Анатолий Чубайс: Начнем с того, что побеждать силовиков не надо. Это вот изначальная постановка очень ошибочная. Я не представляю себе государства без силовиков. Поскольку я имел отношение к государственной деятельности, скажу, что в самом демократическом государстве силовики — это важнейшая часть государственного устройства.
Станислав Кучер: Понятно, что в данном случае имеется в виду не отсутствие полиции и спецслужб, а контроля соответствующей группы людей над соответствующими государственными ресурсами.
Дмитрий Бутрин: То есть силовики, которые занимаются не свойственной им деятельностью.
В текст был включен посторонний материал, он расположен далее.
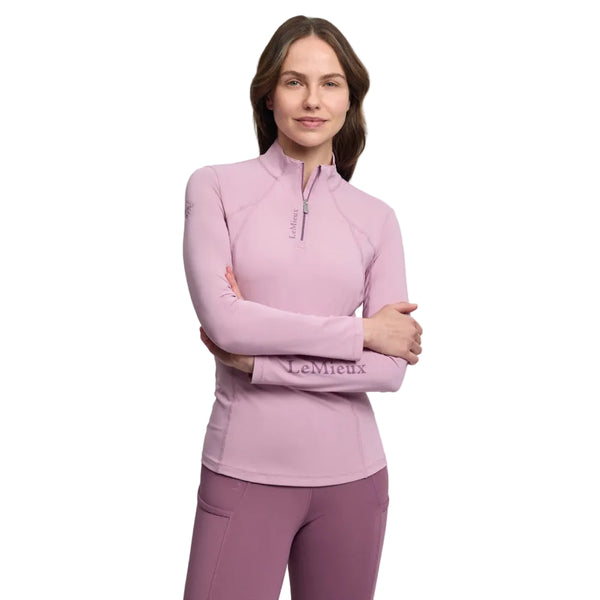 IT08219 LeMieux Women's Long Sleeve Classique Long Sleeve Base Layer - Fondant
Анатолий Чубайс: Но вы же тут спрашиваете не об этом, вы спрашиваете о фундаментальных политических предпочтениях российского народа. Отвечаю: в моем понимании, в России существует три идеологии. Последние 25 лет нашей истории это доказали.
Идеология номер один — левая, от коммунистической до социалистической. Идеология номер два — националистическая, прошедшая колоссальный путь за последние 25 лет от абсолютно маргинальной, позорной, неприемлемой и дикой до части действующей политической системы. Кстати говоря, этот же путь эта же идеология прошла в Европе. Это отдельная большая тема. 20 лет назад в Австрии победил Йорг Хайдер на выборах, в результате Австрия получила санкции Евросоюза. На сегодняшний день националисты входят в правительство Финляндии, Дании, Швеции, Австрии — большинства европейских стран. Это явление должно быть переоценено нашей политической элитой вообще с других позиций. Это отдельный большой разговор, уйдем в сторону. Третья идеология называется «либерализм».
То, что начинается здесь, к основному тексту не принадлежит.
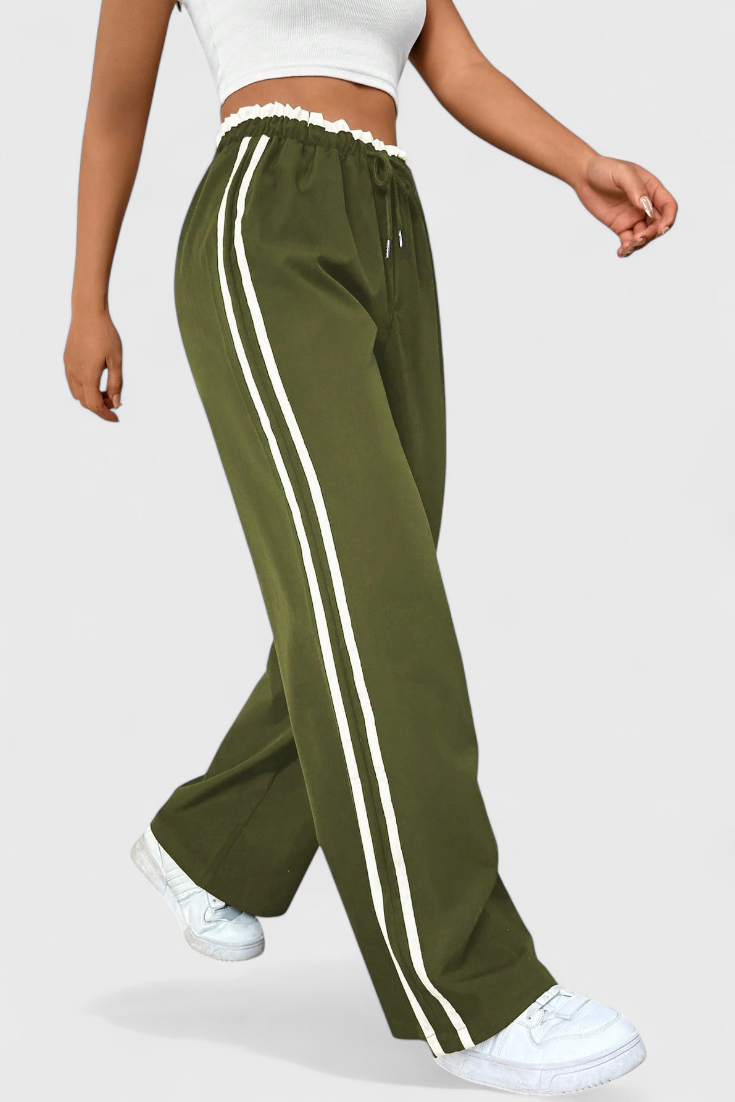 Ariana Pantalón Deportivo Nylon Premium Franjas Exclusivas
В разные моменты времени отдельные из этих идеологий были у власти или в оппозиции. Правда, коммунисты обычно предпочитают, придя к власти, сажать своих противников, мы этим не занимались. Но, если говорить всерьез, не в режиме политической полемики, то мне представляется, что у этих трех идеологий почти всегда по крупномасштабным значимым вопросам две — «за», а одна — «против». Например, частная собственность. Либералы — «за», националисты многие — «за», левые — скорее «против». Ну и так далее – миграция, например. Иными словами, страна наша сконструирована так, что в ней всегда будут вот эти три течения. Повторю еще раз: у власти или не у власти, в оппозиции или не в оппозиции. Коммунисты есть — это реальная идеология, за которой стоят десятки миллионов людей.
В некотором смысле — как это ни странно прозвучит из моих уст — стратегическим вопросом выживания страны является способность представителей этих трех идеологий решать свои противоречия в режиме не расстрела, а диалога. Иногда получалось, иногда не получалось за последние 25 лет. Очень хочется надеяться, что получится.
Сейчас накопленный объем недореформирования таков, что и с точки зрения либерала, и с точки зрения страны, шаг к реформе абсолютно необходим. Иначе мы попадаем в третий мир.
Станислав Кучер: Самое главное — научиться разговаривать.